March 12, 2014

The cult of university, Ctd Short-changed

Rob Behrens, chief executive of The Office of the Independent Adjudicator for Higher Education
The Sunday Times (9.iii.2014) reported on a 2013 study of more than 17,000 undergraduates (commissioned by Which?) which found weekly contact time between students and staff had fallen from 14 hours and 48 minutes in 1963 to 13 hours 42 minutes in 2012. Some students shared their experiences:

Josh Vallance, a first-year history student at one university, said:
"I have seven hours’ contact time at the moment but that will drop to three in my final year. Some of the seminars are good, but there are just too few of them."
A first-year geography student who wished to remain anonymous, said she regretted going to university:
"As far as the university is concerned, I am non- existent. I could disappear for good and none of the academic staff would ever notice... When I’ve emailed my personal tutor about something, she just says she’s the wrong person to ask. I feel that I am wasting my time." 
This backs up my assertion that for many young people university is a giant holding pen. A student in her final year of an English literature degree at a Scottish university said:
"My last essay took two months to be marked, which may sound trivial but it’s impossible to know how you are getting on without feedback."

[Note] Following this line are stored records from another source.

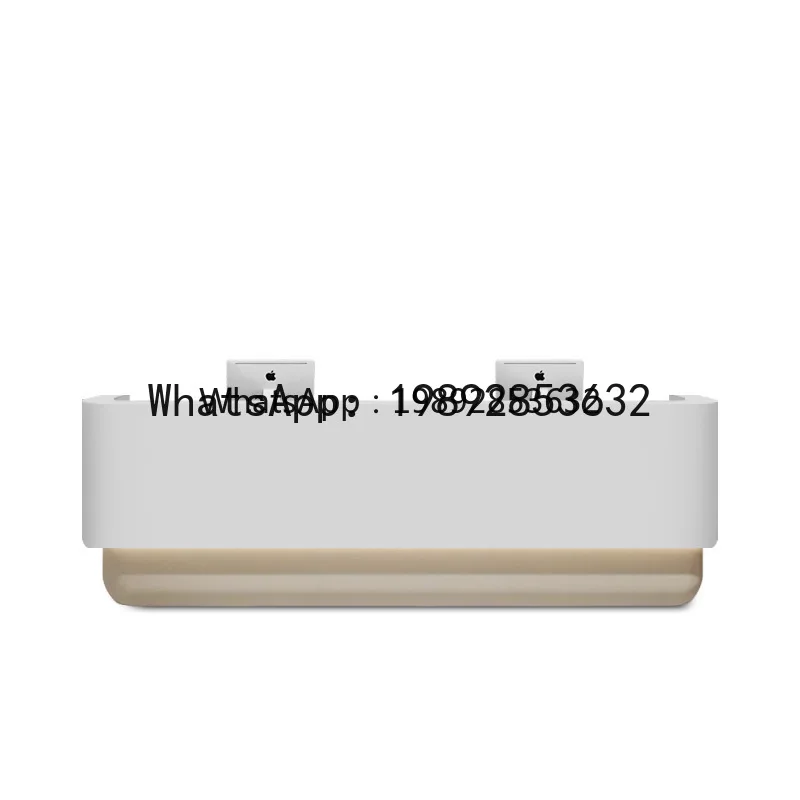 

P30 Simple Clothing Store Cashier Counter Small Beauty Salon Front Desk Curved Reception Desk Yoga Studio Desk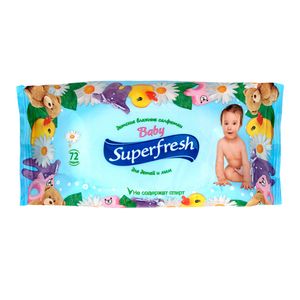 ВЛАЖНЫЕ САЛФЕТКИ ДЕТСКИЕ SUPER FRESH 72ШТ
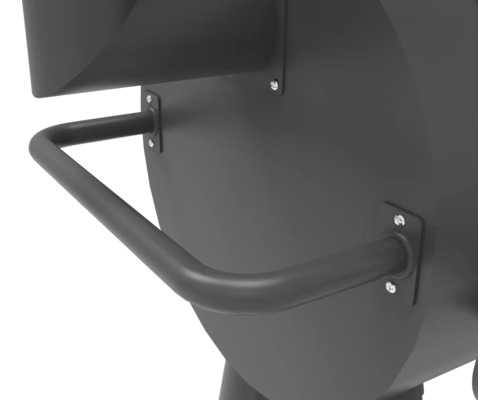 Detailopname van een barbecuekar met handgreep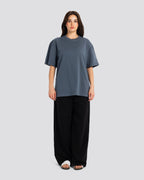 Oversize T Shirt - Steel Blue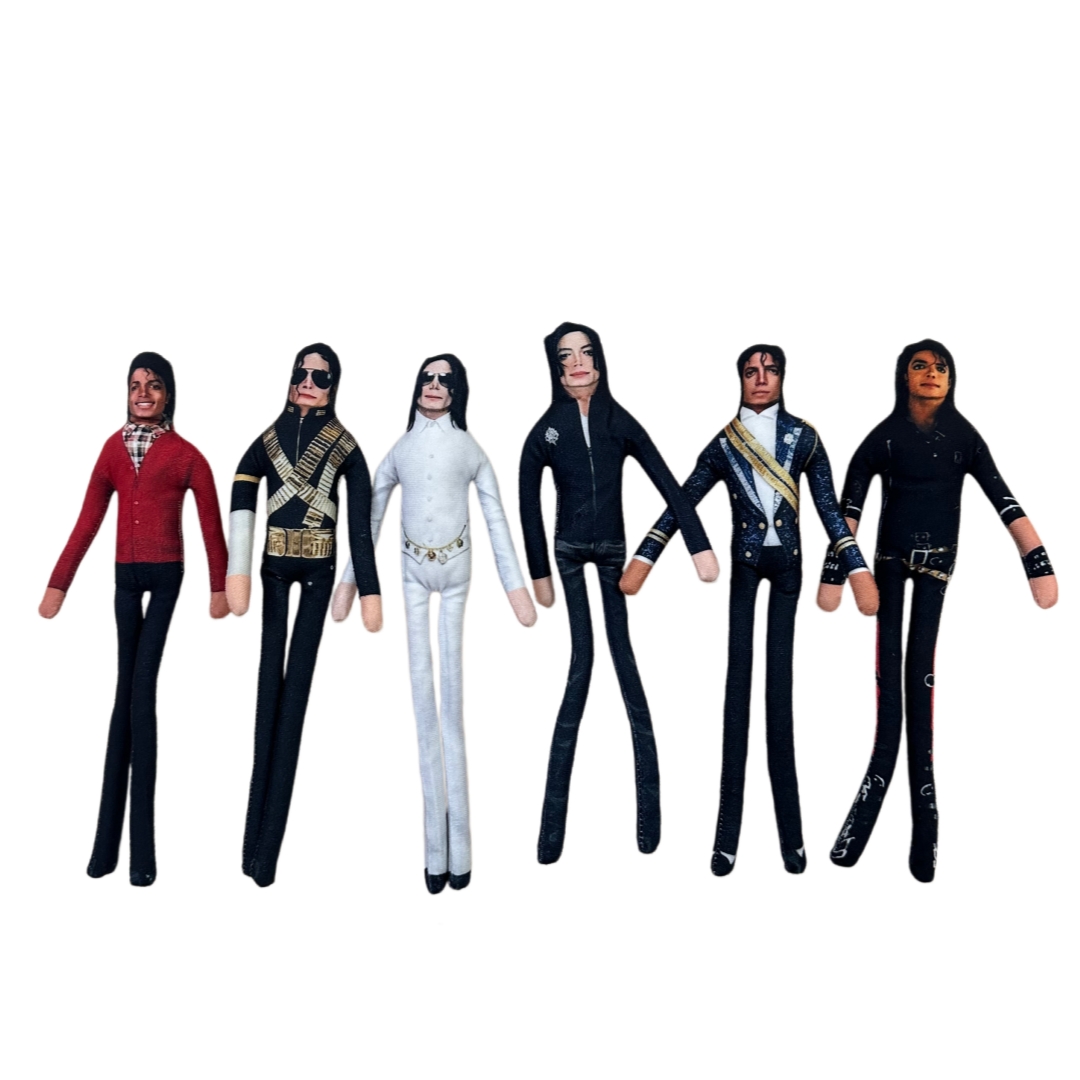 1-6pcs Michael Jackson Cosplay - Plush Doll Anime recension och pris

Placating students with good grades

The point I have personally and repeatedly made is that it is nearly impossible to fail at university. The incentive-bargaining relationship is so tilted in the interest of the university, that I believe that they regard themselves unable to fail fee-paying students. Sian Griffiths and Ros Anstey said:
"A lecturer at a top university claimed he had come under pressure to re-mark exam papers to ensure all students got at least a 2:1 degree. “I like to give honest feedback, but we are told to tell every student they are wonderful."
As Sian Groffoths said:
"The ombudsman’s findings will fuel fears that universities are shortchanging students and the suspicion that they are handing out more top degrees to placate them."
What Tony McMahon called "I paid for my degree = a good mark" attitude.
They also reported that universities are facing a growing backlash over fees from students who have lodged more than 2,000 complaints this year about poor teaching and facilities. This is the annual report by the higher education ombudsman (The Office of the Independent Adjudicator for Higher Education) to be published in June 2014, which will detail the anger of students, paying up to £9,000 a year in fees, over problems such as too little time spent with tutors, overcrowded lecture halls and badly organised professional placements for those studying medicine and teaching.

Degree inflation

On the matter of degree inflation, degree results obtained by The Sunday Telegraph showed that six out of 10 students were handed either a first or an upper second in 2010, compared with just one in three graduates in 1970. Prof Alan Smithers, director of Buckingham University's centre for education and employment research, and a long-standing critic of falling standards, said:
"There has been the most extraordinary grade inflation. As the system has expanded and a wider ability range has taken degree courses, the universities have altered their standards. Institutions are under pressure to improve their place in league tables and also need good results to compete for research grants. Giving university status to the polytechnics, some of which are very good, freed them to award their own degrees and they have exercised that freedom to award high degrees to relatively poorly-qualified entrants.